=== Section Start ===

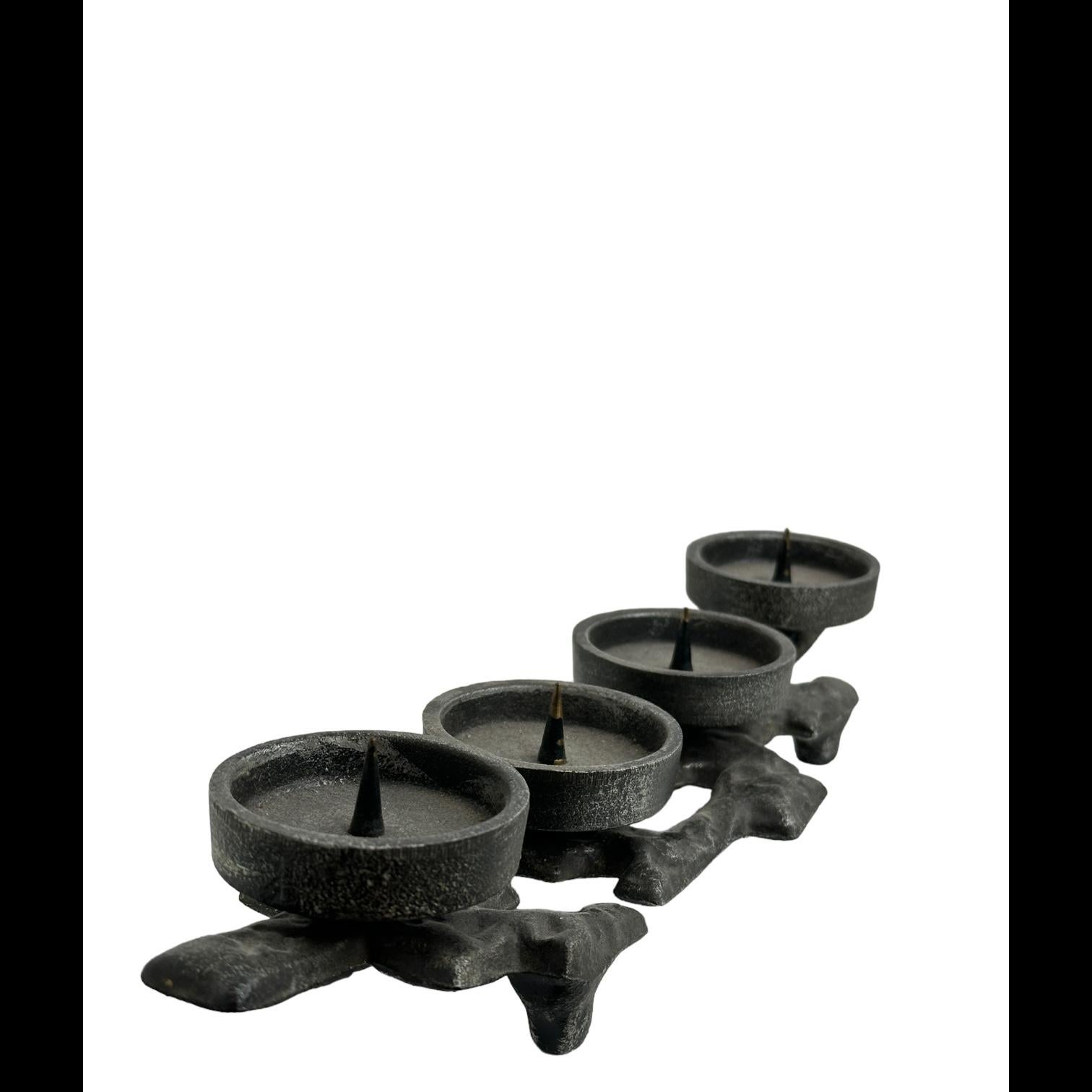 Beautiful cast iron Candlestick Holder Brutalist Era, Germany, 1960s For Sale 5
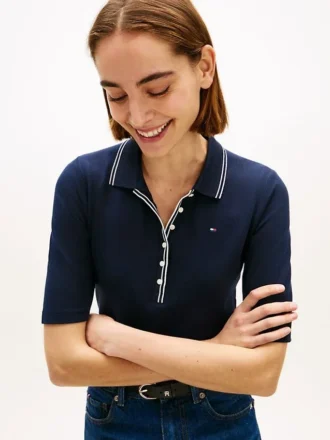 Slim Fit Kurzarm-Polo mit Zierstreifen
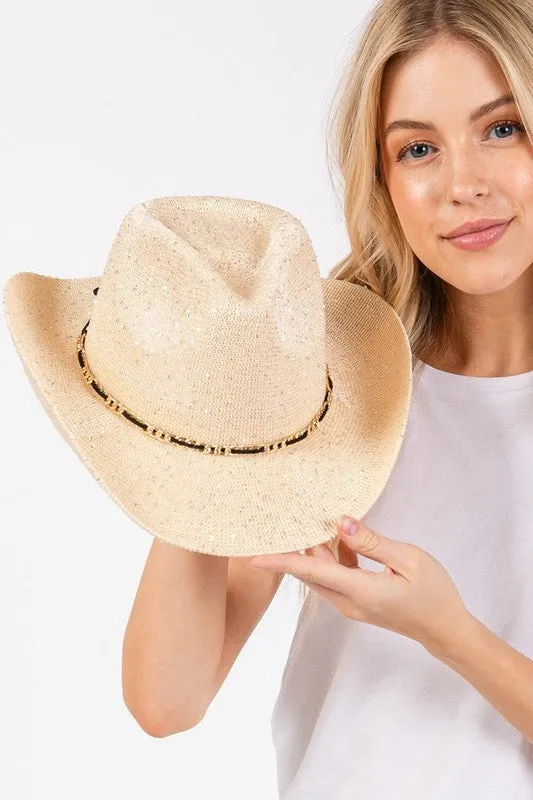 Sparkle Sequins Knit Metal Band Fashion Cowboy Hat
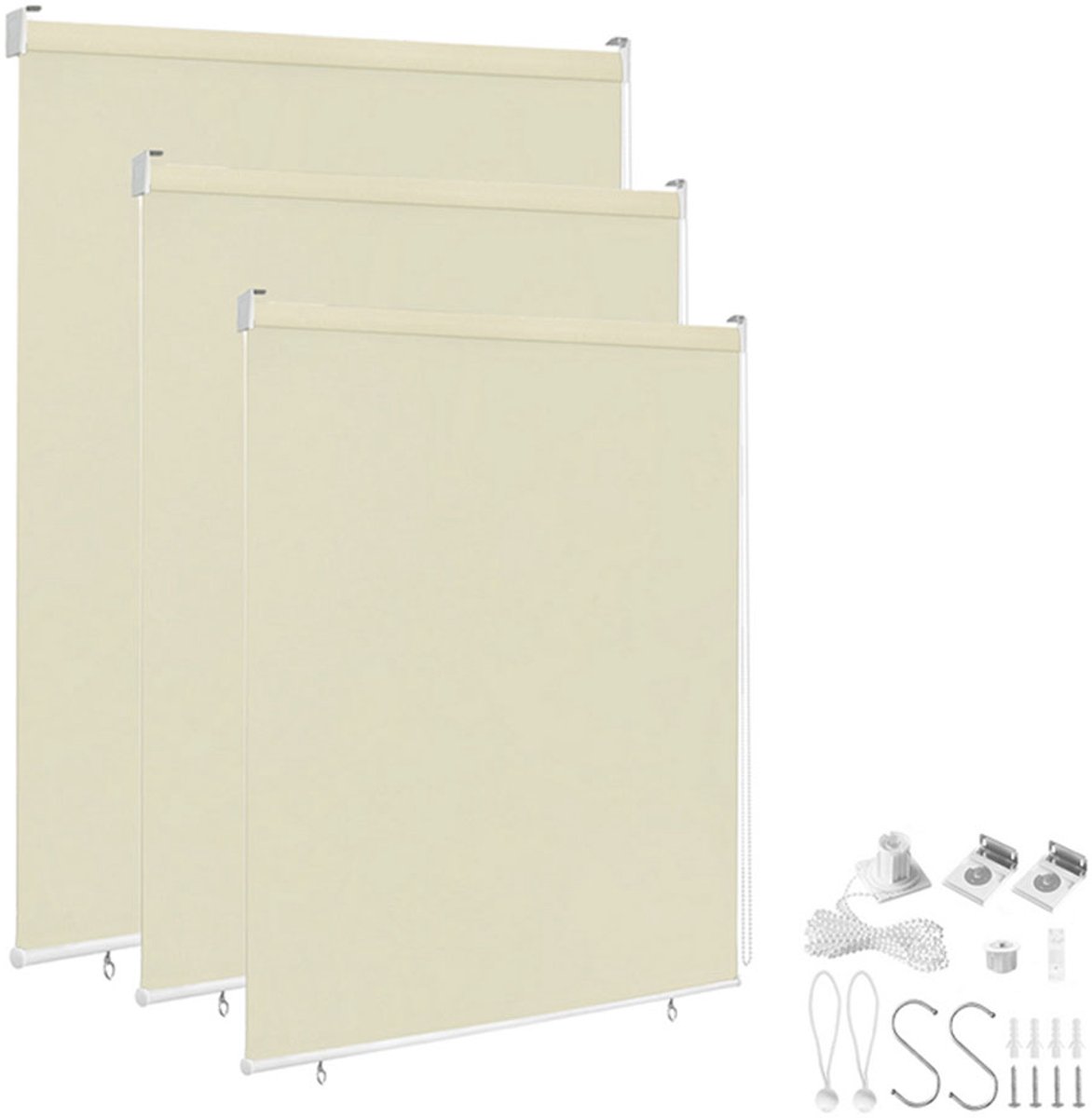 Aufun Buitenrolgordijn - verticale luifel - 140 x 240 cm - beige - geschikt voor balkon, terras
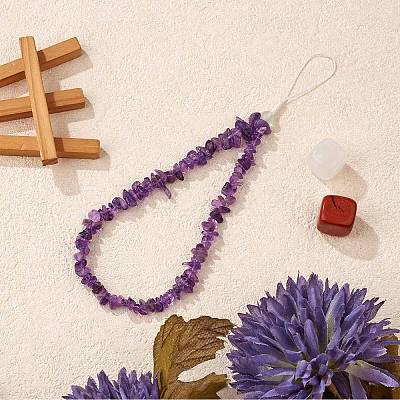 Natural Amethyst Chips Cell Phone Lanyard Wrist Strap HJEW-SW00018-02-1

=== Section End ===

Set down the records precisely as they appear. Any picture stays out.

■ Expected answer ■
 Beautiful cast iron Candlestick Holder Brutalist Era, Germany, 1960s For Sale 5
 Slim Fit Kurzarm-Polo mit Zierstreifen
 Sparkle Sequins Knit Metal Band Fashion Cowboy Hat
 Aufun Buitenrolgordijn - verticale luifel - 140 x 240 cm - beige - geschikt voor balkon, terras
 Natural Amethyst Chips Cell Phone Lanyard Wrist Strap HJEW-SW00018-02-1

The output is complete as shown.